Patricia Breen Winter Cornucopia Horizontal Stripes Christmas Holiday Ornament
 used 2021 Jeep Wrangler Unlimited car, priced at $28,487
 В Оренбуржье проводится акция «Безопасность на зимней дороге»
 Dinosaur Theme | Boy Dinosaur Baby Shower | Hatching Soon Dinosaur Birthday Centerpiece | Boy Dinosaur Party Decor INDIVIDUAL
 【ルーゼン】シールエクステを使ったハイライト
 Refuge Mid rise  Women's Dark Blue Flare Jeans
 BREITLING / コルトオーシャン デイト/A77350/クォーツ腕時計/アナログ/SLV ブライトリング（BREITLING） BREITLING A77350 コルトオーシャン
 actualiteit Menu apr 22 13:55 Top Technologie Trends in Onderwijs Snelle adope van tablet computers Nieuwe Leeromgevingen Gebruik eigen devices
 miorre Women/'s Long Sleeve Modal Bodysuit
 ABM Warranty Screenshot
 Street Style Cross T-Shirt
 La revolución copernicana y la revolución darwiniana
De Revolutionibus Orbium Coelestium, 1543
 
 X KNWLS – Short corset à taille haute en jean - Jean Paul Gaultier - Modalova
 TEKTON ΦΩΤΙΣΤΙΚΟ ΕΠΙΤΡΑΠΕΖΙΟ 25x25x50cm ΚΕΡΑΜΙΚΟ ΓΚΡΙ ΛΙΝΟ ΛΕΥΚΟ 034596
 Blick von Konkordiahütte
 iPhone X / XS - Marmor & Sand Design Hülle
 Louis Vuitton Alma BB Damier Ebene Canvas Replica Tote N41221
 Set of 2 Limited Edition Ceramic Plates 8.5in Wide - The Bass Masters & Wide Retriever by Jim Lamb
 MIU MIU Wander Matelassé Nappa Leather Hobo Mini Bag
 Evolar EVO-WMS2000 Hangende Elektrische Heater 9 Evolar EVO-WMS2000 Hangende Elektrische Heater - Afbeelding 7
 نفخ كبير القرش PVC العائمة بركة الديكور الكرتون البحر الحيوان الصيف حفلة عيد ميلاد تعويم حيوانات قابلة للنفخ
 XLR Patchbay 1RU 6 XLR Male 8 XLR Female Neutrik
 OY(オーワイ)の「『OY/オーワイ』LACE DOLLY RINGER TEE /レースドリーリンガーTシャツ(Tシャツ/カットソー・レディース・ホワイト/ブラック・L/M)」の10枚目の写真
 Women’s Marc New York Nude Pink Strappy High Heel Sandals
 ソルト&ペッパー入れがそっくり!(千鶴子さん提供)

+===+

● Exercise brief: Beginning with the line that has "TEKTON ΦΩΤΙΣΤΙΚΟ ΕΠΙΤΡΑΠΕΖΙΟ" and ending with the line that has "Evolar EVO-WMS2000 Hangende Elektrische Heater 9", set down the lines above exactly and include no others.

● Output of the task:
 TEKTON ΦΩΤΙΣΤΙΚΟ ΕΠΙΤΡΑΠΕΖΙΟ 25x25x50cm ΚΕΡΑΜΙΚΟ ΓΚΡΙ ΛΙΝΟ ΛΕΥΚΟ 034596
 Blick von Konkordiahütte
 iPhone X / XS - Marmor & Sand Design Hülle
 Louis Vuitton Alma BB Damier Ebene Canvas Replica Tote N41221
 Set of 2 Limited Edition Ceramic Plates 8.5in Wide - The Bass Masters & Wide Retriever by Jim Lamb
 MIU MIU Wander Matelassé Nappa Leather Hobo Mini Bag
 Evolar EVO-WMS2000 Hangende Elektrische Heater 9 Evolar EVO-WMS2000 Hangende Elektrische Heater - Afbeelding 7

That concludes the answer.